Benim tarafımdan o musibetzedelere deyiniz ki: "Nass-ı hadisle, böyle musibetlerde, ehl-i imanın zâyi olan malları tam sadaka hükmündedir. Hususan bu zamanda, yüz sadaka kadar o fâni malları, bâki ve daha çok ebedî mallara inkılâp ederler. Onun için, sabır içinde bir cihette şükretmek gerektir. İnşaallah, dünyada dahi o keffâretü'z-zünub olan zayiatın yerine Erhamürrâhimîn ihsan eder. Geçmiş olsun, başınız sağ olsun, fâidesiz merak etmeyiniz" deyiniz.
Saniyen: Bu çeşit kazaların bir sebebi: Beşerin çirkin bir hatâsı bulunmasından, bu Ramazan-ı Şerifin hürmetini ve kıymetini muhafaza etmek ve Nurları himaye etmeye, her yerden ziyade Nurların menbaı ve medresesi olan Isparta borçludur ve vazifesidir. Ve sefahetlere karşı şeair-i İslâmiyeyi muhafaza etmekle mükelleftir.
Mektup: 124
Hem meselâ "Sen olmasaydın ben âlemleri yaratmazdım." beyanında "Bu hitap zahiren Hazret-i Peygamber Aleyhissalâtü Vesselâma müteveccih ise de, zımnen hayata ve zevilhayata râcidir" fıkrası, tâdile muhtaçtır. Çünkü, küllî hakikat-ı Muhammediye (a.s.m.) hem hayatın hayatı, hem kâinatın hayatı, hem İsm-i Âzamın tecellî-i âzamının mazharı ve bütün zîruhların nuru ve kâinatın çekirdek-i aslîsi ve gaye-i hilkati ve meyve-i ekmeli olmasından, o hitap doğrudan doğruya ona bakar. Sonra hayata ve şuura ve ubudiyete onun hesabına nazar eder.

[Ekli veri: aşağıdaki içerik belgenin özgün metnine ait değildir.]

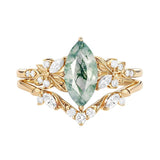 Peony Marquise Moss Agate Leafy Engagement Ring Set -1 ct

Hem meselâ, felsefeye temas eden bazı cümleler, "Mürur-u zamanla kabuk bağlamış, sonra toprağa inkılâp etmiş, sonra nebatat husule gelmiş, sonra hayvanat vücuda gelmiş" gibi tâbirler, îcad ve hilkat-i İlâhî noktasında felsefîdir ki, Risale-i Nur'un san'at ve icad-ı İlâhî cihetindeki beyanatına münasip düşmüyor.
Kardeşim Abdülmecid,
Her neyse, bu küçücük kusurla beraber, sen, haşir hakkında, Nur'un emsalsiz hüccetlerinden tam ve mükemmel bir ders alıp, Eski Said'in mümtaz bir şakirdi olduğun gibi, inşaallah Risale-i Nur'un dahi mükemmel bir şakirdi ve dikkatli bir muallimi olacağına kuvvetli bir hüccettir. Ben müsait bir vakitte bazı kelimeleri ya ıslah ve tâdil ederek "Haşir Meselesine Bir İzahlı Haşiye" namında Lâhikaya dercetmek için senin gibi Nurdan tam ders alanlara göndereceğim. Sen evlâtlarınla beraber Fuad, hergün dualarımda ve mânevî yanımda bulunuyorsunuz. Ve senin şimdi vazife-i resmiye cihetiyle çocuklara Kur'ân-ı Azîmüşşânı okutmanı bütün ruh u canımla tebrik ediyorum. Bin bârekâllah derim.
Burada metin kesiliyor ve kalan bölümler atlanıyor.